As of  October 1st, 2016, ICANN (The Internet Corporation for Assigned Names and Numbers) is no longer linked to the U.S. Government.

ICANN’s role

ICANN manages the global resources of the Internet, that is to say it handles the management and coordination of Internet addresses such as IP address allocation, DNS and IP Protocols. Such functions are referred to as IANA: Internet Assigned Numbers Authority function. This particular function, managed by ICANN, was carefully guarded by the U.S. government since it is a critical function.

The emancipation of ICANN

Since October 1st, 2016 ICANN is no longer under the control of the U.S. government and in particular, the U.S. Department of Commerce or the NTIA (United States Department of Commerce National Telecommunications and Information Administration).

The U.S. was committed to preserving the IANA function since the creation of ICANN in 1998. When the internet was handed over to the private sector, the U.S. government was awarded a contract placing the federal courts as the final arbiter of disputes. The U.S. thus had the final say on every ICANN decision and could block decisions perceived as contrary to its interests.

While this emancipation was a long-term stated objective since ICANN’s inception in 1998, the project materialised only after the revelations of Edward Snowden in summer 2013 and the surveillance scandal involving the NSA. Weakened with respect to global diplomacy, the U.S. had to give in to pressure from over 150 countries including China, Russia and France along with the Afnic association (Association Française pour le Nommage Internet en Coopération, historic operator of .fr).
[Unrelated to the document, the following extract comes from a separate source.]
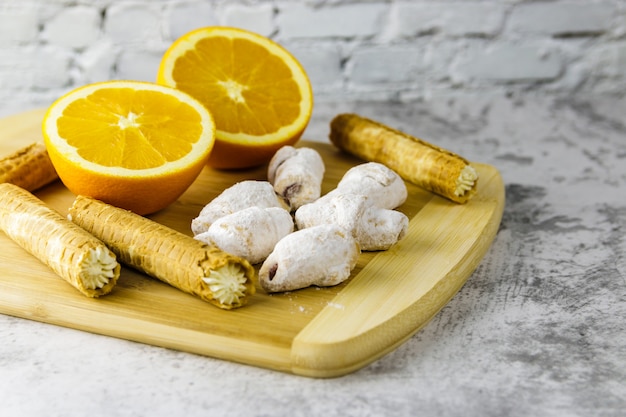 Doce caseiro e laranja na placa de madeira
It was not only the U.S. who had control over the internet however: Chinese companies like Alibaba, Tencent or even Baidu hold the same value as GAFA(Google, Apple, Facebook and Amazon).

ICANN’s independence project, aiming for 2016, was announced at ICANN’s 55th International Public Meeting in Marrakech in March 2016.

After two years of hard work and significant obstruction from US Republican Senators, negotiations finally resulted in a new arrangement, welcomed by numerous industries, prominent figures, governments, organisations.

What does this mean for the Internet and its users?

Prior to the expiration of the contract, ICANN was under the control of the U.S. Department of Commerce which had the power to force ICANN into bankruptcy. But the U.S. control over the Board of Directors has now been eliminated.

Henceforth, all Internet stakeholders will have a say and can participate in decisions. A general assembly alongside counter powers was thus created.   This general assembly is made up of four groups:

 –      the private sector, involving stakeholders like GAFA, large companies and SMEs;

–       the technical community;

–       governments, composed of 160 members with one vote each;

–       the civil society: consumer protection associations, civil rights associations.

If there is a consensus, this assembly may block a decision of the Board.

 Americans are not excluded from any decision of ICANN. They form part of the general assembly, have a voice and can oppose any decision of the board. But with time and changing power relations, they could lose their influence.

ICANN’s main concern will therefore be to implement this new multi stakeholder model. The organisation must introduce changes in its culture so that it duly takes into account differences in culture, age, gender, language, career paths. Each community should be able to voice their concerns fully and be capable of influencing the organisation.

On its website, ICANN was pleased to announce this “historical moment”.

Needless to say that we will obtain more information during the next ICANN Congress, the 57th, to be held in India in early November 2016.  Dreyfus will keep you updated about developments related to ICANN and internet governance.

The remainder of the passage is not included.